トマトときゅうり


「判りました。でももうお役ごめんですね、私、帰り――――――」

 カチっと音がして、ドアがロックされた。思わず横をみると、きゅうりが片手でベルトを締めながらエンジンをかけている。

「だから、ご飯だって。いくぞ」

「へ?」

「ベルトしろよ」

 え?・・・ええ!?

 呆然としている間に、きゅうりはさっさと車を動かしてしまう。慌ててとにかくシートベルトをつけた。

「まままま待って下さい!私帰るんですけど」

「昼、もう済んだのか?」

「・・・まだですが、一人で食べます。楠本さんまだお仕事でしょう?どうぞここでおろして下さい」

「駄目」

 だ、駄目?駄目って何よ、駄目ってーっ!!

 むきーっ!!久々の怒りに目の前がチカチカする。こちらの決意を簡単に揺るがしてしまうんだから!私の意思はどこにいったのよ~!

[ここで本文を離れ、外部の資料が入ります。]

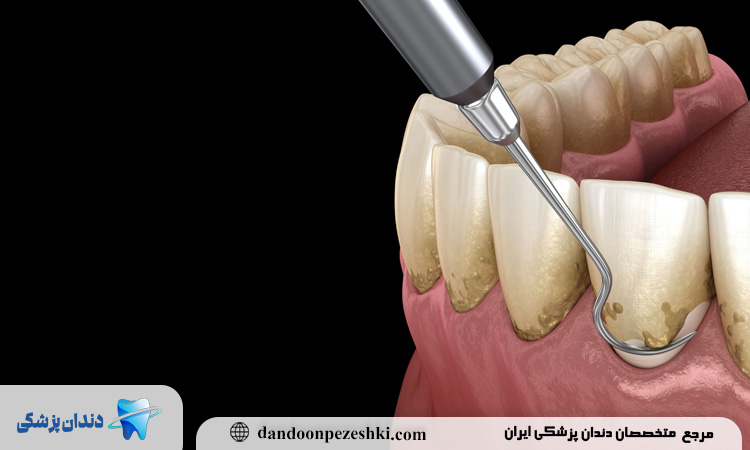 بلافاصله بعد از جرم‌گیری، چه واکنش‌هایی در دهان طبیعی هستند؟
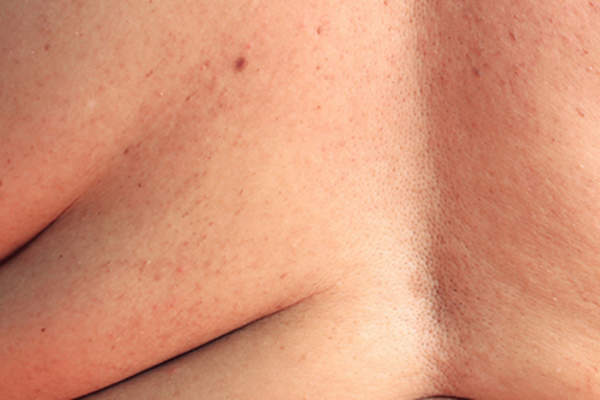Skin on back of overweight person.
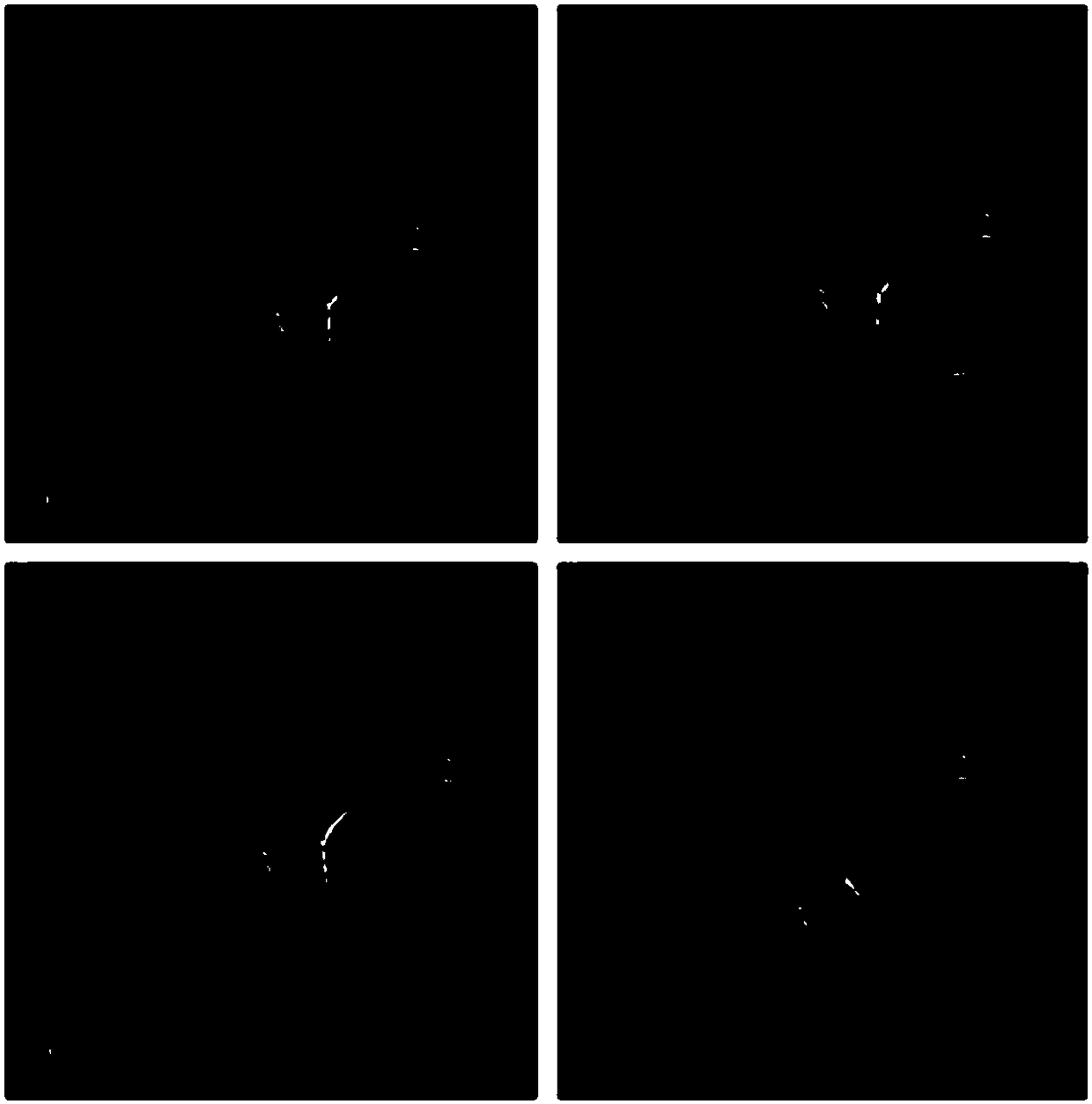 Tetrandrine liquid crystal nanoparticle ophthalmic preparation and preparation method thereof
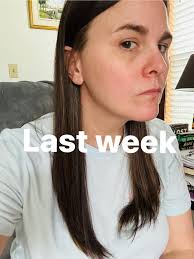 Hi everyone! I am about a month before surgery. My biggest fear is hair  loss. Is there anything I can do now to help with this issue. Otherwise I  am so excited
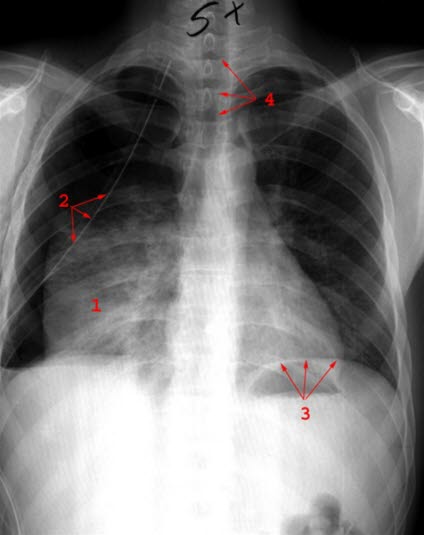 Lobärpneumonie rechts, Röntgen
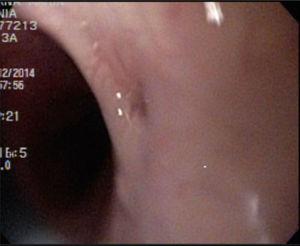 Imagen endoscópica de fístula traqueoesofágica posterior al tratamiento.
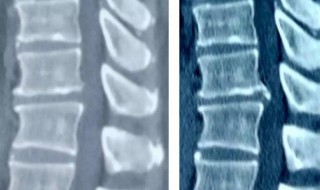 腰椎膨隆是什么意思 腰椎膨隆意思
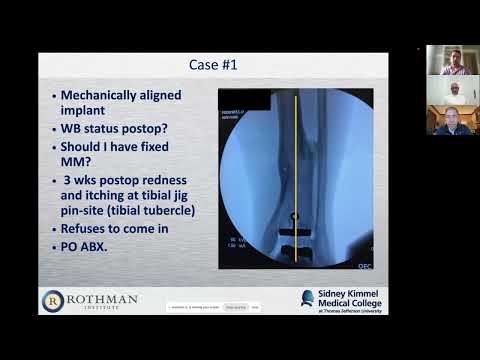 Resurrecting Failed Ankles: Strategies for Revisions in Total Ankle Replacement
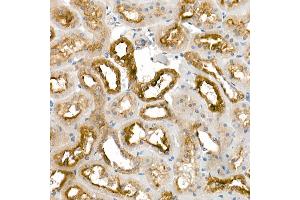 Immunohistochemistry (IHC) image for anti-Kallikrein 1 (KLK1) (AA 25-262) antibody (ABIN3022582)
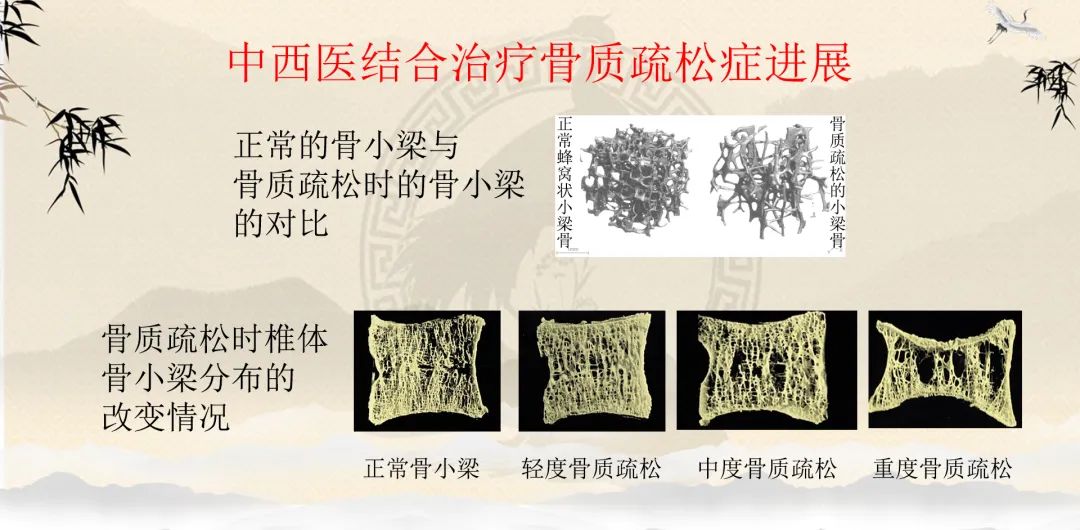 骨质疏松症的讲座总结,骨质疏松中医辨证施治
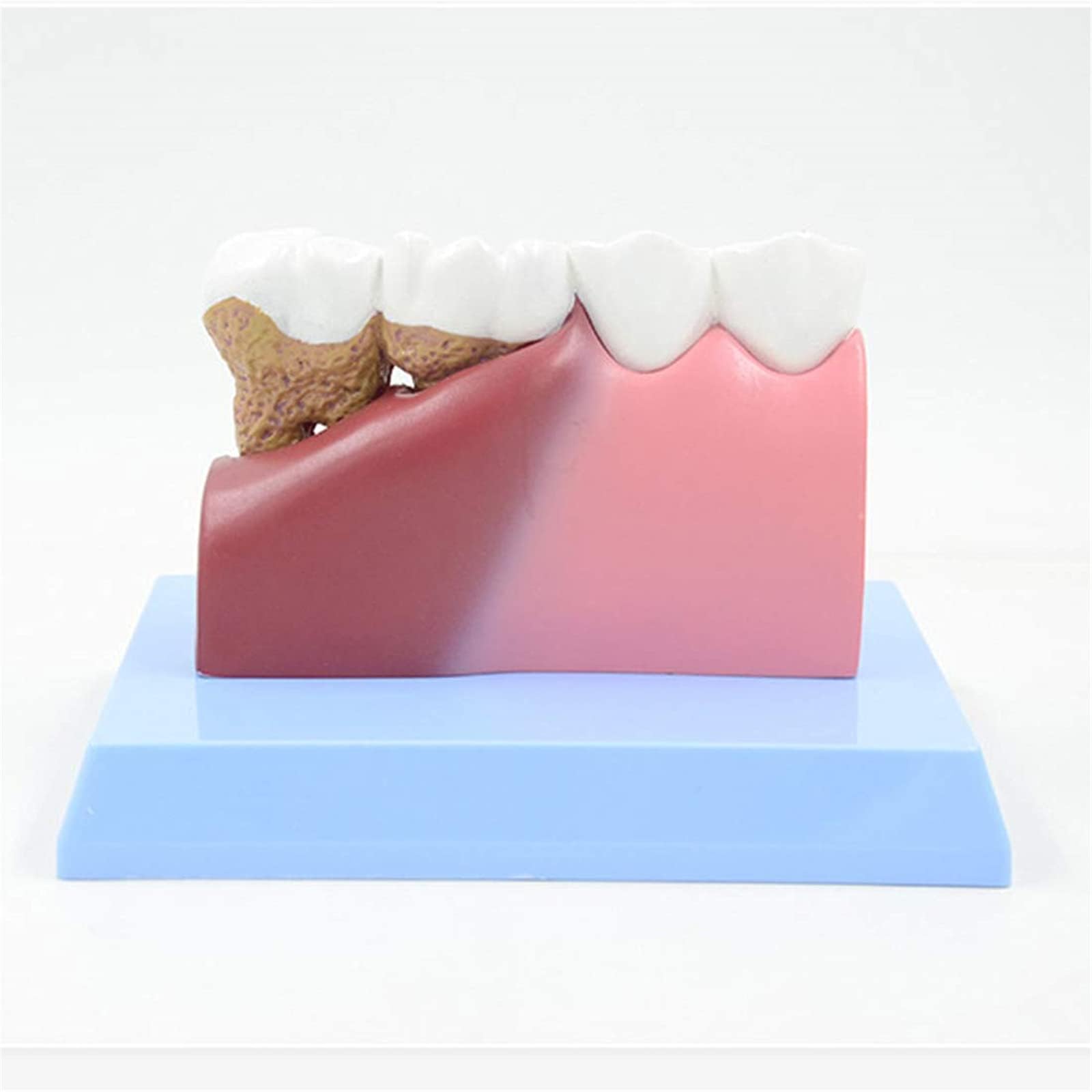 Model zębów dentystycznych, model anatomii zębów ludzkich, z instrukcjami, demonstracja patologii, model dentystyczny, do gabinetu dentystycznego, narzędzie edukacyjne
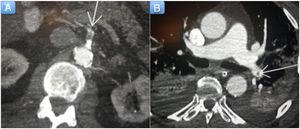 A: tomografía computarizada abdominal; se observa un defecto de repleción en la arteria mesentérica superior, compatible con trombosis arterial (flecha). B: tomografía computarizada de tórax, con hallazgos compatibles con tromboembolia pulmonar (flecha).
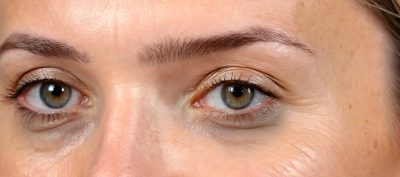 L’acide hyaluronique dans le cerne : pourquoi j’ai arrêté d’en injecter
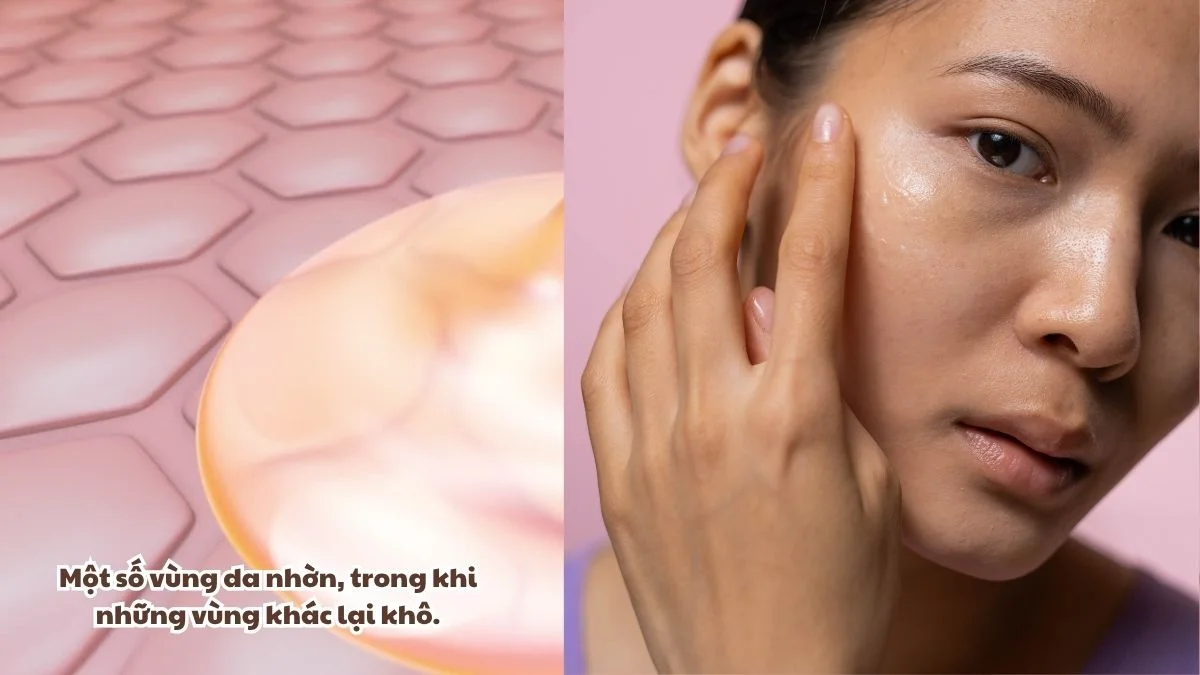Da mất cân bằng độ ẩm trên da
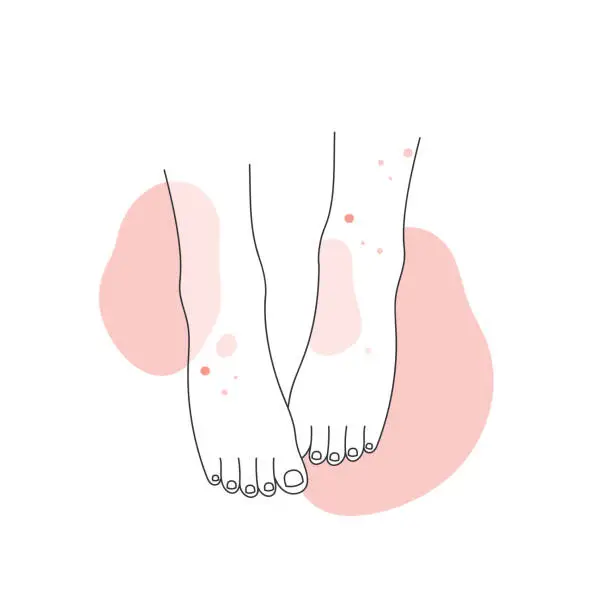 Vector illustration of Human legs with skin allergy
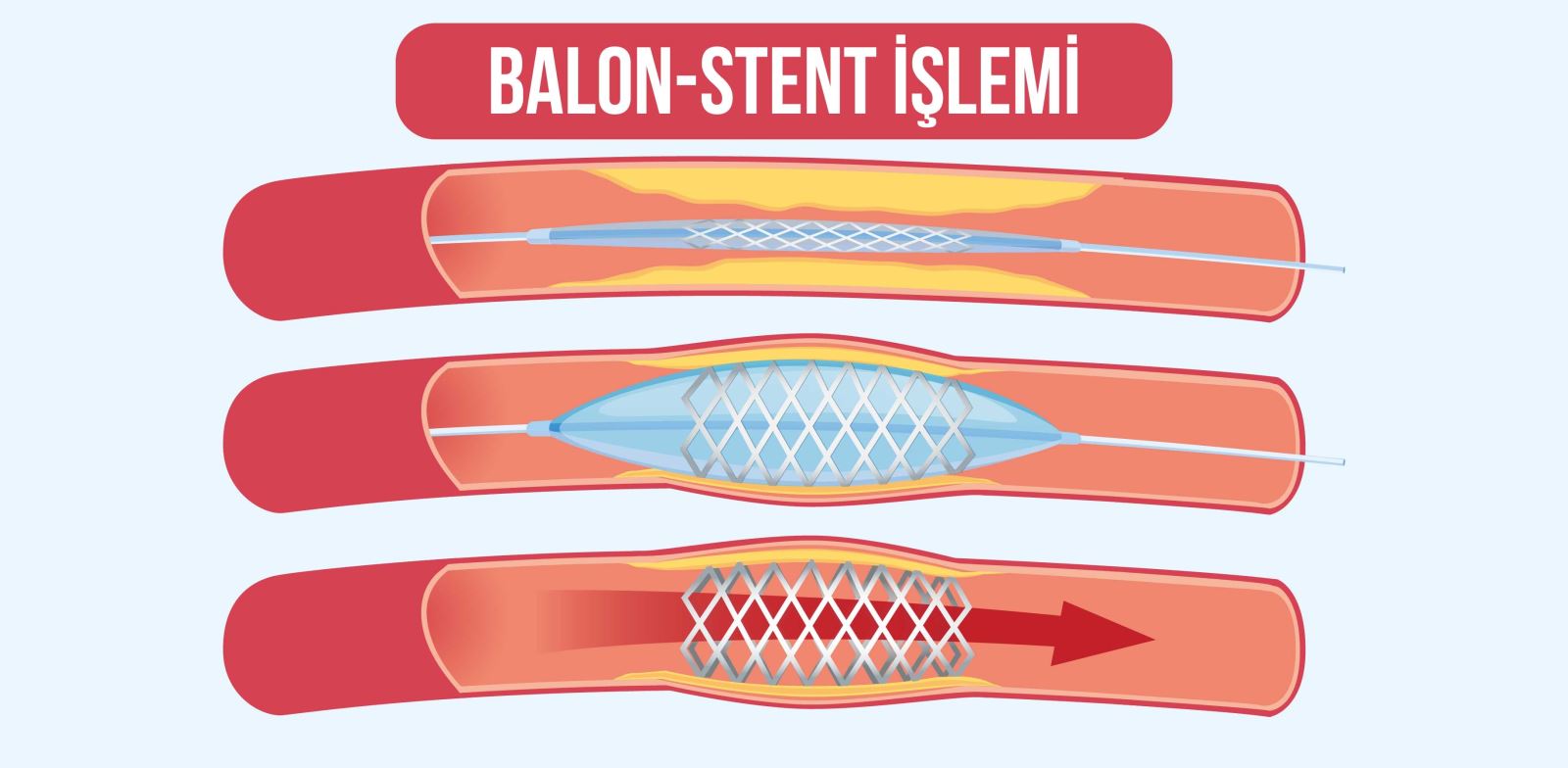 Balon-stent işlemi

 これだからもう!身勝手でワガママなエリートは~っ!!

「何くいたい?」

「・・・・」

 ああ~・・・こちらはエネルギーを消耗するばかり。涼しい顔して運転しているきゅうりをみていると、相手にしても無駄だと悟る。

 結局私はこの車から逃げられないし、口でも力でも勝てないんだろう。

 ・・・頭の出来も違うし。うううう・・・。せめてドギマギして赤くならないようにと、反対側を向いて窓の外を注視することにした。